* _Captioned web images_:
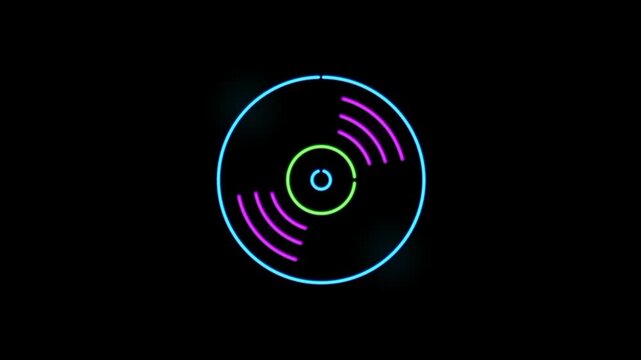 CD music icon neon, 3d render of a spiral music animation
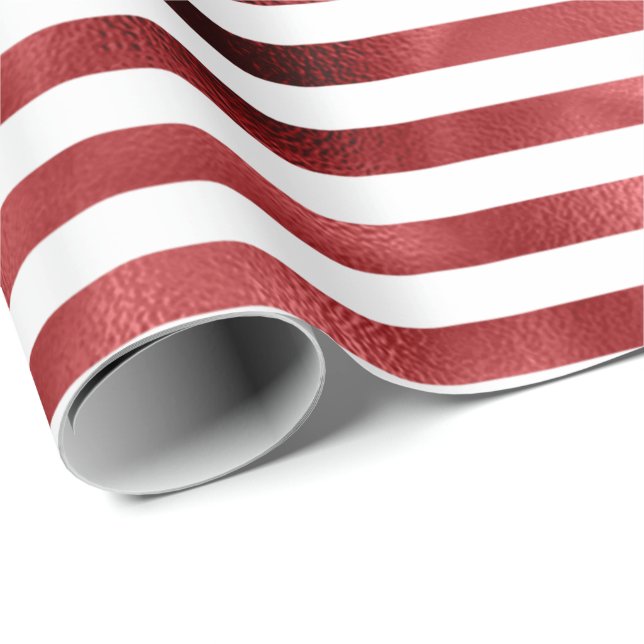 Burgundy Bordeaux Red Stripes Lines White Metal Geschenkpapier (Rolleneckpunkt)
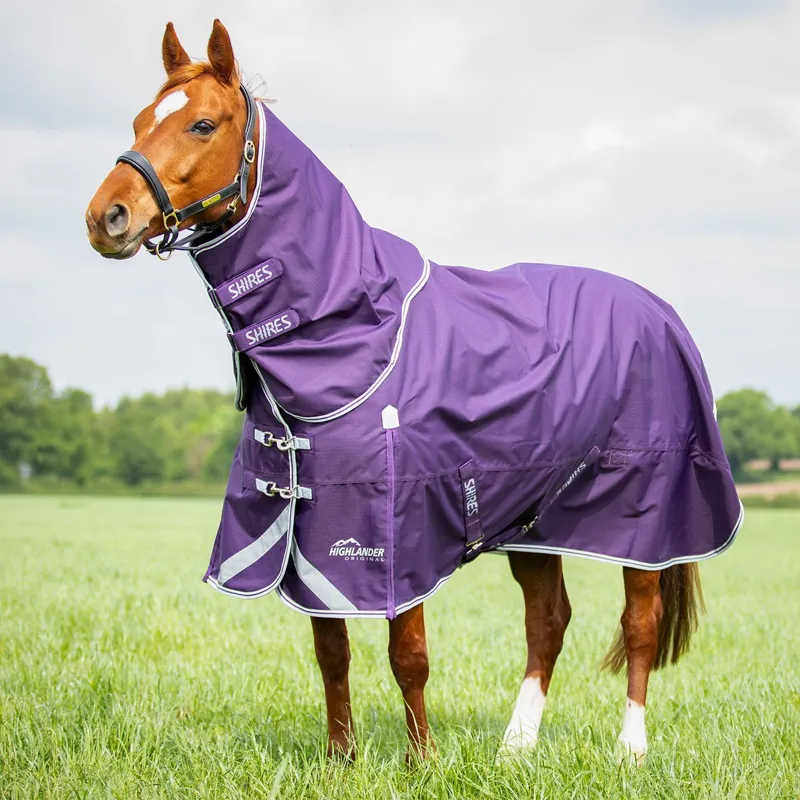 Shires Highlander Original 100g Detach-A-Neck Turnout Blanket - Plum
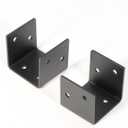 20 PCS U-Shaped Metal Brackets, Black Half Post Base 2x2 2x4 2x6 Post Anchor Connector for Joist Hanger Brackets Support, Inner Size 1.97", Thickness 0.08" (14 Gauge)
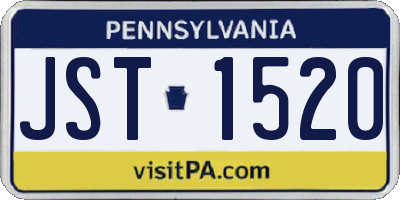 PA license plate JST1520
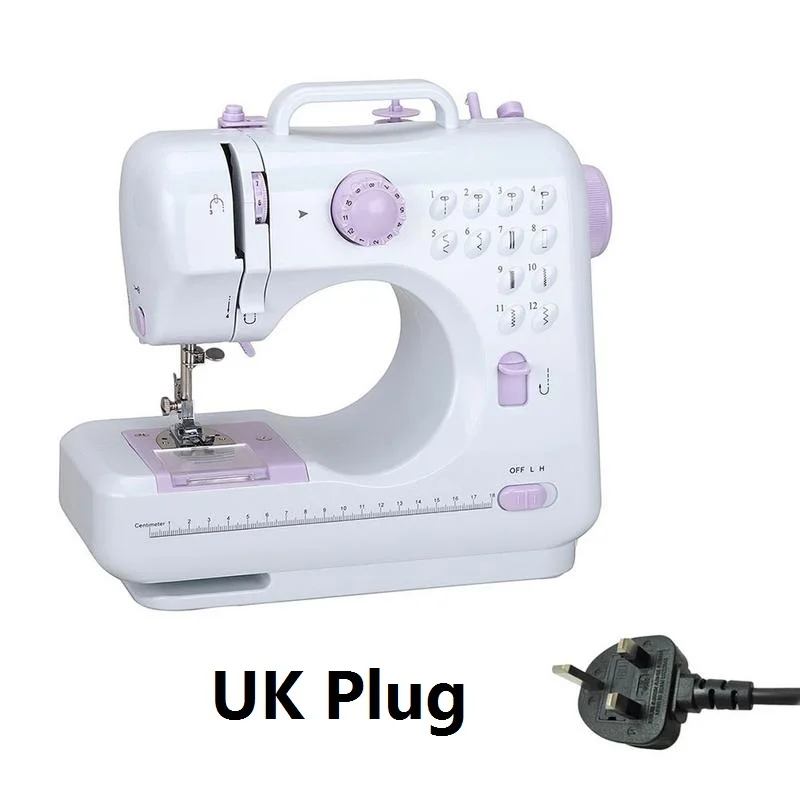 UK Plug Мини 12 стежков швейная машина бытовая многофункциональная двойная нить и скорость свободный руки Крафт машина для починки США/Великобритания/ЕС вилка - Цвет: UK Plug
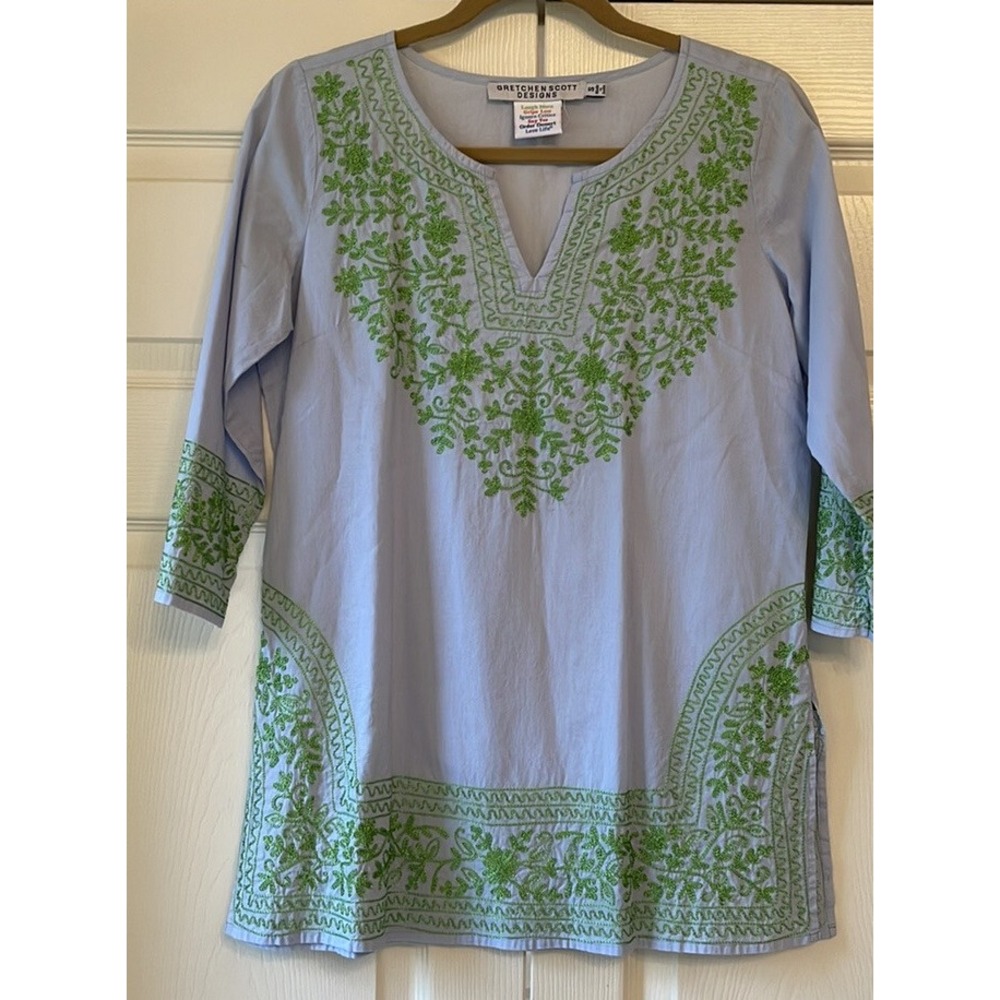 Gretchen Scott Designs Cotton Embroidered Tunic Womens Small Blue Green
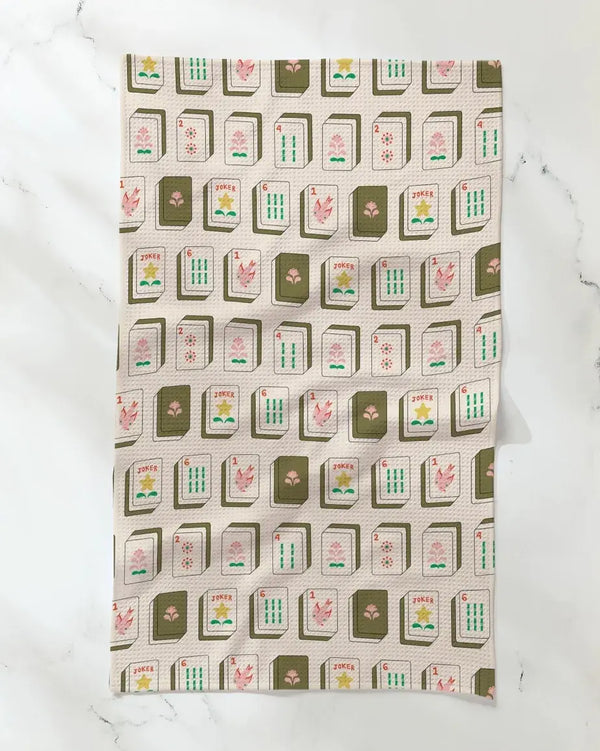 Geometry House Tea Towel - Flower Tiles White
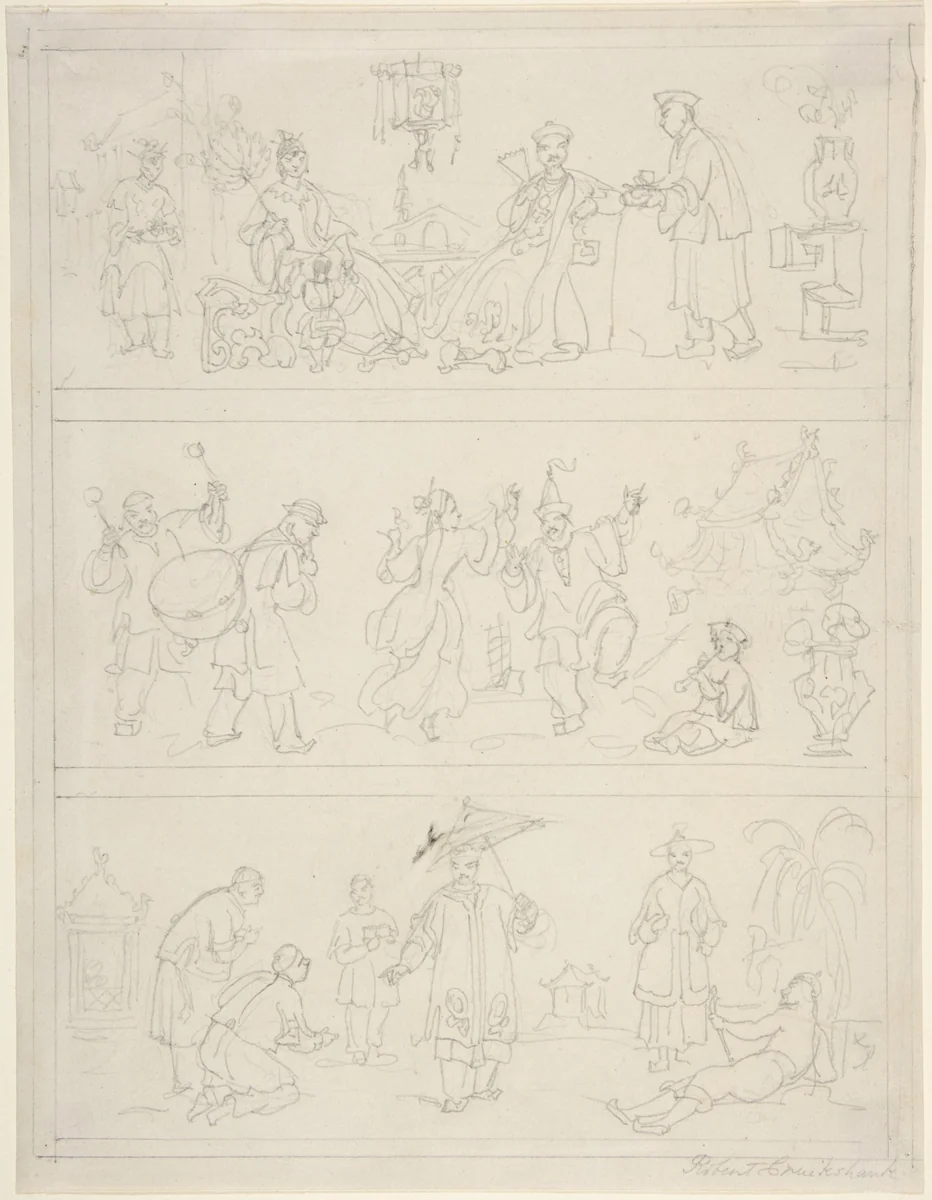 Three Friezes of Chinese Figures by Isaac Robert Cruikshank, drawing, 1800-1856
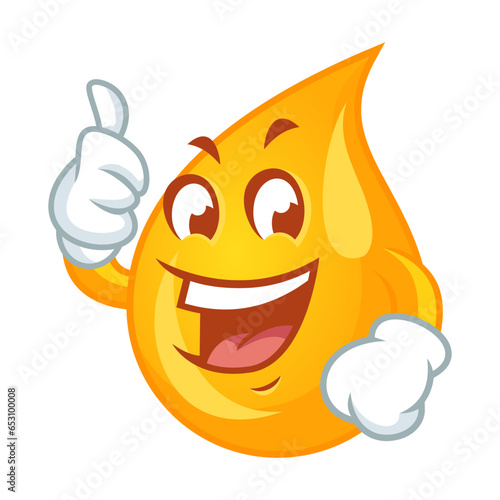 smiling oil drop cartoon character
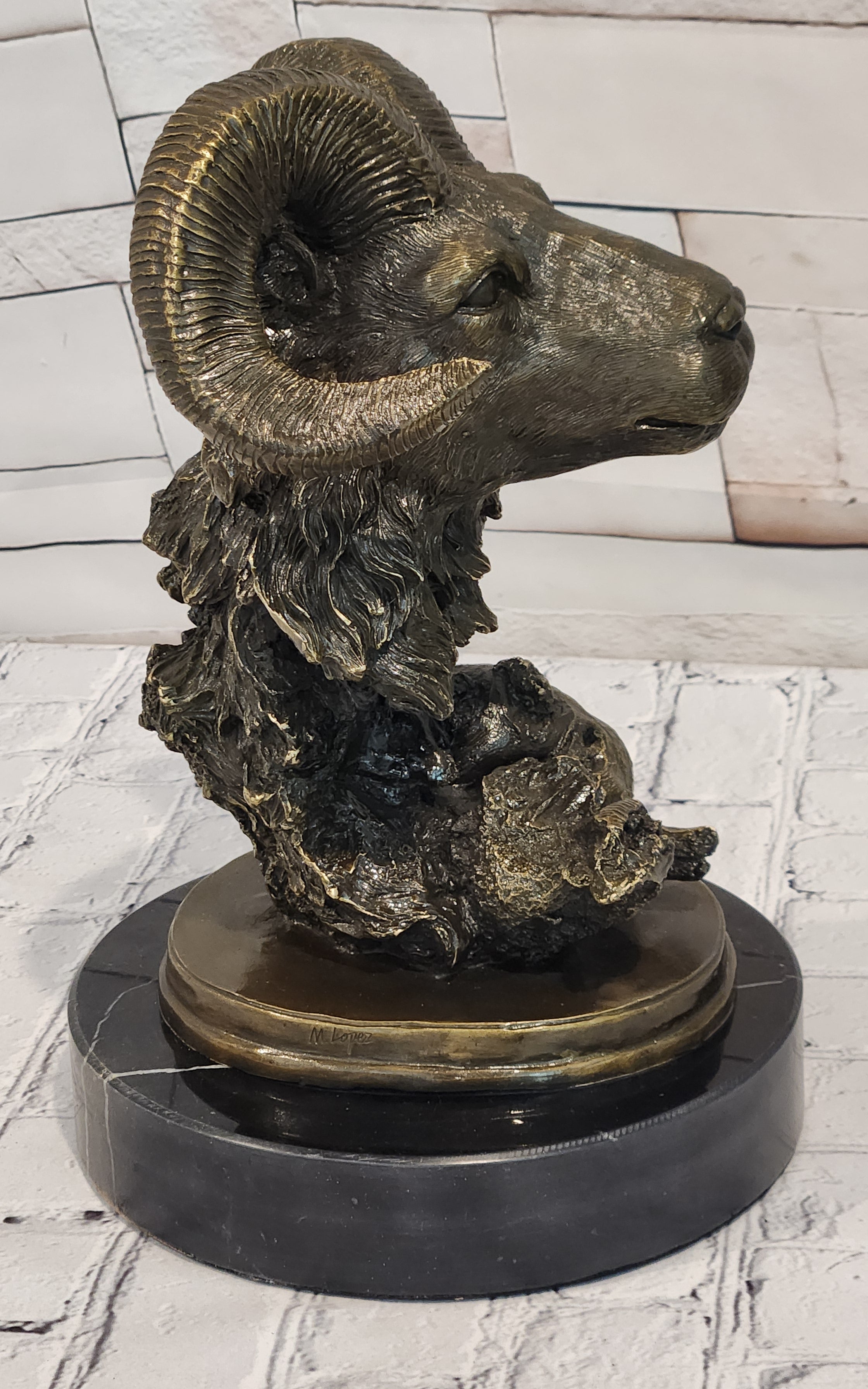 Signed Milo Bronze Ram Head Sculpture Marble Base Animal Collectible Artwork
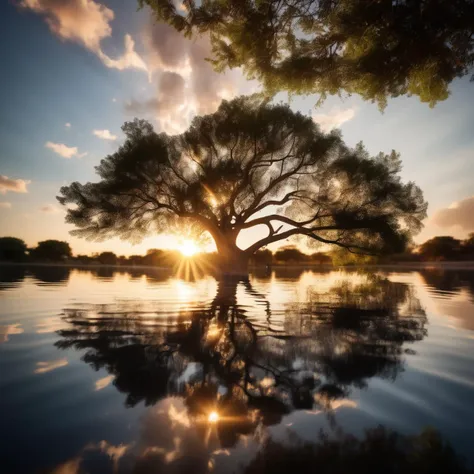 An intimate shot of a Dappled Light photo of Acacia tree is reflected in the water at sunset or dawn with the sun shining through the clouds and reflecting in the water, reflective, a picture, naturalism, volumetric lighting, bokeh,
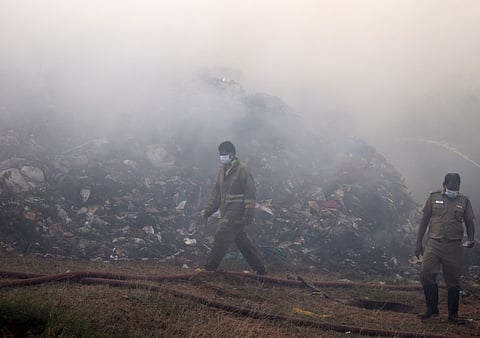 Fire broke out at the Vellalore dump yard in Coimbatore on Sunday evening.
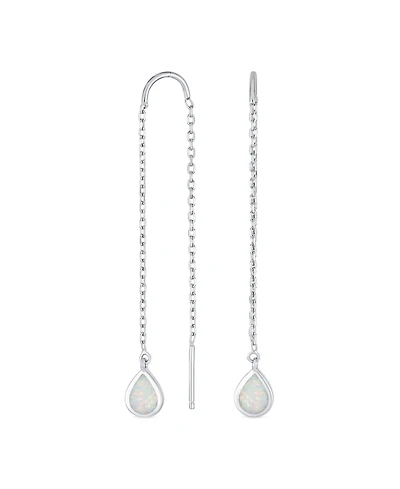 Bling Jewelry Pear Shaped Dangle Earrings with Opal Inlay on Sterling Silver Chain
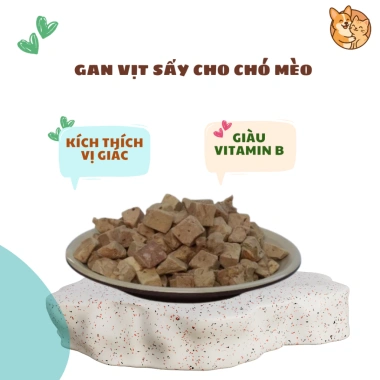Gan Vịt Sấy Đông Khô -36°C 150g-500g-1kg Siêu Dinh Dưỡng, Giàu Vitamin B cho Chó Mèo - Chỉ 60.000₫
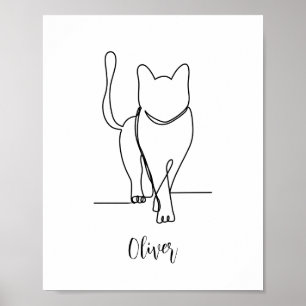 Impressão de Desenho Ancorante de Gato Personaliza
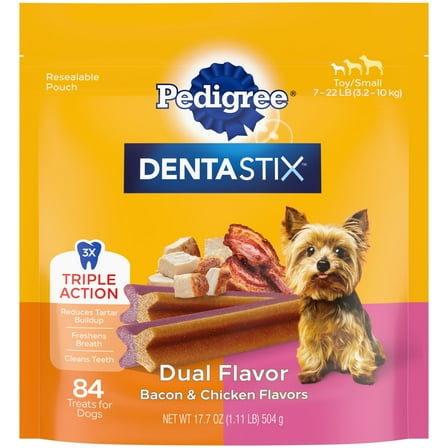 Pedigree Dentastix Bacon & Chicken Flavor Small Breed Treats For Dogs, 17.7 Oz Bag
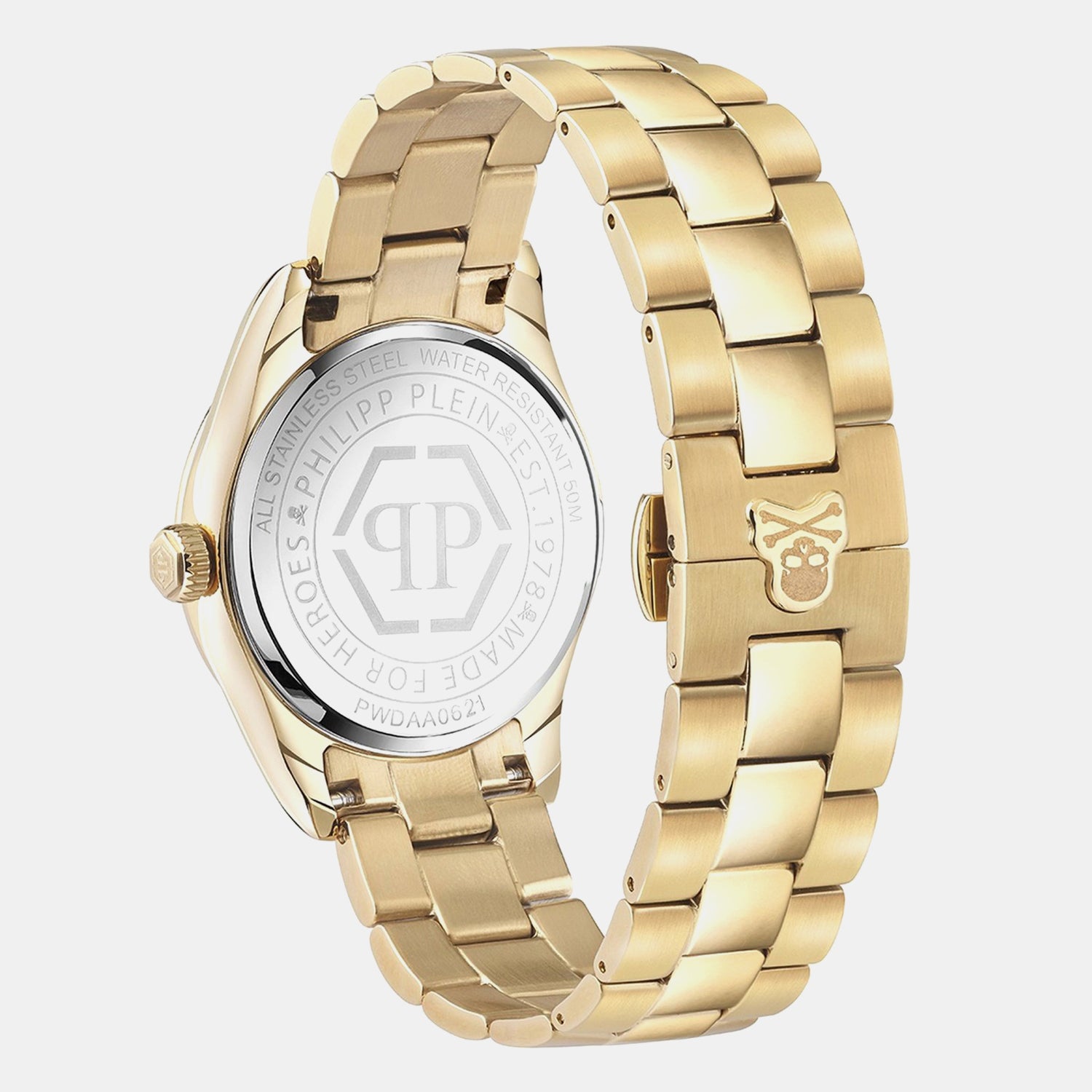 Queen Women Quartz Black Dial Analog Stainless Steel Watch PWDAA0621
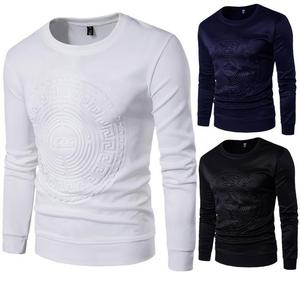 2025秋装男士压花卫衣 套头太空棉长袖T恤 现货 1800-968-P30，男装T恤，星座1812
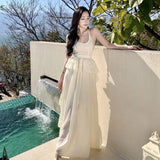 Zingj Gentle Small Holiday Back Show Thin Sling Feeling Flounce Design Long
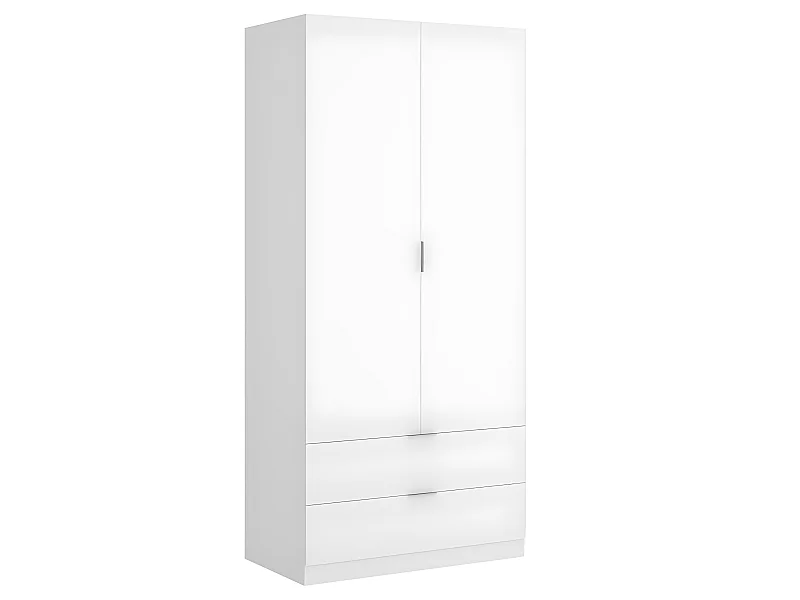 Armoire placard meuble de rangement coloris blanc - Longueur 81 x Hauteur 184 x Profondeur 52 cm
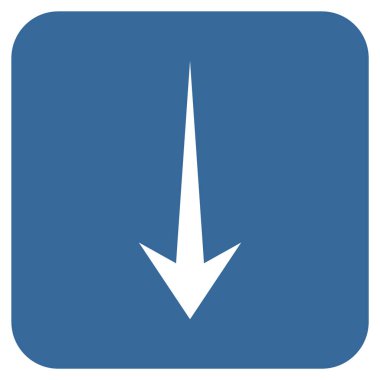 Düz aşağı ok vektör simgesi kare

* _Exercise goal_: Output exactly, and only, the lines of the entries above from the one with "2025秋装男士压花卫衣 套头太空棉长袖T恤 现货" up to and including the one with "Armoire placard meuble"; pictures are to be left out.

* _Answer for the task_:
 2025秋装男士压花卫衣 套头太空棉长袖T恤 现货 1800-968-P30，男装T恤，星座1812
 Zingj Gentle Small Holiday Back Show Thin Sling Feeling Flounce Design Long
 Armoire placard meuble de rangement coloris blanc - Longueur 81 x Hauteur 184 x Profondeur 52 cm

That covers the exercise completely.